Aside from my academics, I’ve learned/relearned a few great lessons this quarter.  I wanted to share those lessons with fellow students, as well as have a list of reminders for myself when I start to slack and get lazy.

1) Go to Office Hours (at least once).   For those of you, like me, who think you’re too busy to go to office hours, “unbusy” yourself and go meet your professor face-to-face.  I left work early last week to make it to Office Hours, and it was the most productive hour I’ve ever taken off of work. 

What I’ve learned from attending office hours is that my professors are real people who are passionate about what they’re teaching, and want for their students to truly learn and understand what’s being taught.  They’re not just some red-pen swinging authoritarians, trying to expose those unworthy of a degree.  They do care, even if some of them (a lot of my professors) come across as curt, and flat at times.  They can be a big help, and can guide you on how to study and pass their exams. Sometimes they may even give hints to what you should pay special attention to, and which topics you may want to breeze over in anticipation for exams. I’m just saying. Work that charisma.

Who knows, you may even make a friend!  You’ll need recommendations in the future. Get to know your professors.  Let them know you’re serious about their courses.

2)  Go to all of the lectures.  If you can, if you can, if you can.

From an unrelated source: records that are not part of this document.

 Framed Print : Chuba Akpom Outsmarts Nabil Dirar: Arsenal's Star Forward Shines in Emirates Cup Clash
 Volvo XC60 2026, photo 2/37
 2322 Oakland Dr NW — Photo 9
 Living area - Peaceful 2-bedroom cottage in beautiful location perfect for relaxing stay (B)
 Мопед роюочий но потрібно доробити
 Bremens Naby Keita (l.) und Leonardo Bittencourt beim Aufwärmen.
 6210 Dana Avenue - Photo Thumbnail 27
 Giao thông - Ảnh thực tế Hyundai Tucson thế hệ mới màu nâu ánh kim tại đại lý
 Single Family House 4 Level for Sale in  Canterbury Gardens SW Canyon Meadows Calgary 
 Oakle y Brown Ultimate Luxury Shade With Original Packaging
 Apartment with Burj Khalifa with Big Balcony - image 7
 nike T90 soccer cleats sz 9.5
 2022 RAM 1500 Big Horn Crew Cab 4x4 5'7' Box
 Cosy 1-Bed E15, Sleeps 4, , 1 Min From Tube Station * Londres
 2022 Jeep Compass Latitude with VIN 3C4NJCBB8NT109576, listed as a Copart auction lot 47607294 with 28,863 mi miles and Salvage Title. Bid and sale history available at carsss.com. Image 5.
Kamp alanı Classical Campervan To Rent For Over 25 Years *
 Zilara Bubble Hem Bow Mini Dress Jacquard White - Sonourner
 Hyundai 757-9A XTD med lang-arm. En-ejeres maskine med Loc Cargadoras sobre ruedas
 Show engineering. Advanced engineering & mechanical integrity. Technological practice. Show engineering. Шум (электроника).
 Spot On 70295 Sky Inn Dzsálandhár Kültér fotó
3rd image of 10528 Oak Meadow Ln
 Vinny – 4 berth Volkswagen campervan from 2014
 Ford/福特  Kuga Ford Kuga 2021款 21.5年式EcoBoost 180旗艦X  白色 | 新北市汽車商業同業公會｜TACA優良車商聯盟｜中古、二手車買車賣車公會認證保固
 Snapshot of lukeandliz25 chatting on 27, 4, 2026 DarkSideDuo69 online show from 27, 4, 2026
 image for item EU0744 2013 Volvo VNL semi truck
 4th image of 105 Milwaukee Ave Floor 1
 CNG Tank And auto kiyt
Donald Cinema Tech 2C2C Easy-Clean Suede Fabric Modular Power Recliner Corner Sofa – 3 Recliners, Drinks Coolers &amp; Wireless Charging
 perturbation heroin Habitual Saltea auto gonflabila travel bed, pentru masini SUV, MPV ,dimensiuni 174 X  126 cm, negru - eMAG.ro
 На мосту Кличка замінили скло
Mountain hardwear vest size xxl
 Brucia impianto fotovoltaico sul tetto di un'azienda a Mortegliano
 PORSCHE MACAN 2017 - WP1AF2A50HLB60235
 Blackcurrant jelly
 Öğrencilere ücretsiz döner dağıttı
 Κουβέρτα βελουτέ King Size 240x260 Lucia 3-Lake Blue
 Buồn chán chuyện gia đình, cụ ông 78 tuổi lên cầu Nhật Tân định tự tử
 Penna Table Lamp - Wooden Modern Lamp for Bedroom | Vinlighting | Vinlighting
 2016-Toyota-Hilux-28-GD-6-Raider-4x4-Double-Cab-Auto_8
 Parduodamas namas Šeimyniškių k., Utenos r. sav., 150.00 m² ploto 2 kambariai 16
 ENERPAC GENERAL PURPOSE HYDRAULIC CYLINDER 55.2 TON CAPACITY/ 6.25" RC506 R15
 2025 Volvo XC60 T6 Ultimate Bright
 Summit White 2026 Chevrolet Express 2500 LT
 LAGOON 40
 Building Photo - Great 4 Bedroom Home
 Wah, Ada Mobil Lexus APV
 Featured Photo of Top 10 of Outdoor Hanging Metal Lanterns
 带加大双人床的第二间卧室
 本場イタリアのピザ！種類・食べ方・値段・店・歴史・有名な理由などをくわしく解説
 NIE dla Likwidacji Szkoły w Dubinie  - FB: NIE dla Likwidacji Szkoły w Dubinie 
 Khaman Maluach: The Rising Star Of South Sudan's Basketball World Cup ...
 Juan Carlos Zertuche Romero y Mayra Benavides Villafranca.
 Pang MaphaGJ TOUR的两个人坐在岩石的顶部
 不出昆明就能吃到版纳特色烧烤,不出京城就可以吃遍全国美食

Go! I’ll admit, there are some fluff courses, where missing a lecture, or leaving a class early probably isn’t going to put you too far behind, but be mindful.  The professor’s approach and explanation of a topic trumps whatever you think you can go home and read about on your own.  The reading may be supplemental, or help iron out some wrinkles of confusion, but you need to understand the topic the way your professor understands the topic. Why? Because he’s the one administering the exams.  Midterms and finals are not the time to try to argue your point of view.  You most likely won’t get points for trying to disprove a theory that’s been retaught a thousand times. Just go to class.

Also, why miss out on class attendance points?  I know a small percentage of my grade depends on me just showing up, and maybe answering a question here or there.  That 10% can be the difference between you getting an A+ vs an A (more like a B vs a B-)!

3)  Make your studies one of your top priorities.  Notice I didn’t say “the top” priority.  That’s difficult to do, especially as adults.  For me, my family and paying bills come before anything, with my health and wellbeing coming last. LOL. Jk.  They aren’t that low on the list, but they can afford to move up.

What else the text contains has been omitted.